About thirty years after a nuclear war ripped a hole in the atmosphere, leaving the human race vulnerable to the deadly rays of the sun, Washington plays Eli, a lonesome drifter making his way west. His prized possession is a copy of the King James Bible, the last of its kind after most copies were destroyed following the war by those who believed it was the cause. Eli believes it to be his mission to get the book to the coast. He’s not sure exactly why, he just has faith.
His journey leads him to a small township run by a dictator named Carnegie. Carnegie is also looking for the book, but plans to use its words to rule and, in a sense, become a God of the new world. He sends the beautiful young Solara to seduce Eli, but the two end up joining sides and the movie becomes a race between good and evil.

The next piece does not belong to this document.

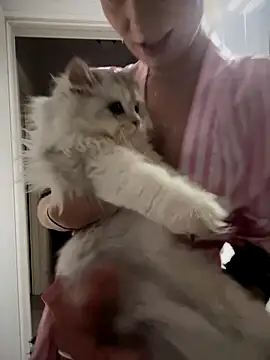 Ella Charm online show from October 2025 03:58:01 PM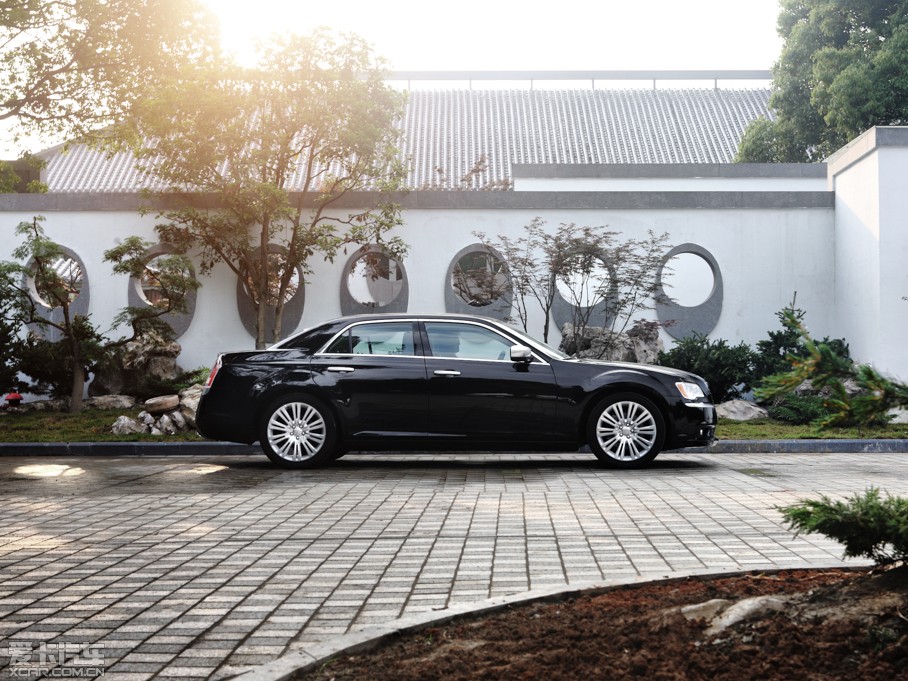 2014R˹300C(M(jn)) 3.0L ׿Խ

I count myself among those who felt The Road was too boring, and although I’m not willing to label The Book of Eli as a better movie, I certainly got more enjoyment out of it. It’s not really fair to compare the two, however, aside from the fact that they are both post-apocalyptic movies with religious undertones, so I’ll stop that now.
Denzel Washington has always been the kind of actor that the audience can easily connect with and his Eli is no exception. We know he is the good guy, even when he is cutting other people’s limbs off. Gary Oldman is also at his scenery-chewing best as Carnegie.
The fight and action scenes are all wonderfully staged and choreographed by the Hughes brothers. Two really stand out. The first is the initial fight shot in the shadow of an overpass as Eli fights off a number of assailants, including one armed with a chainsaw. The second is a stand-off between the good guys and the bad guys. In what looks like a single shot, the camera swirls between the farmhouse where Eli and Solara make their stand and Carnegie’s army outside. It’s an impressive set piece that reminds me of a flashier version of the lengthy Children of Men battle scenes.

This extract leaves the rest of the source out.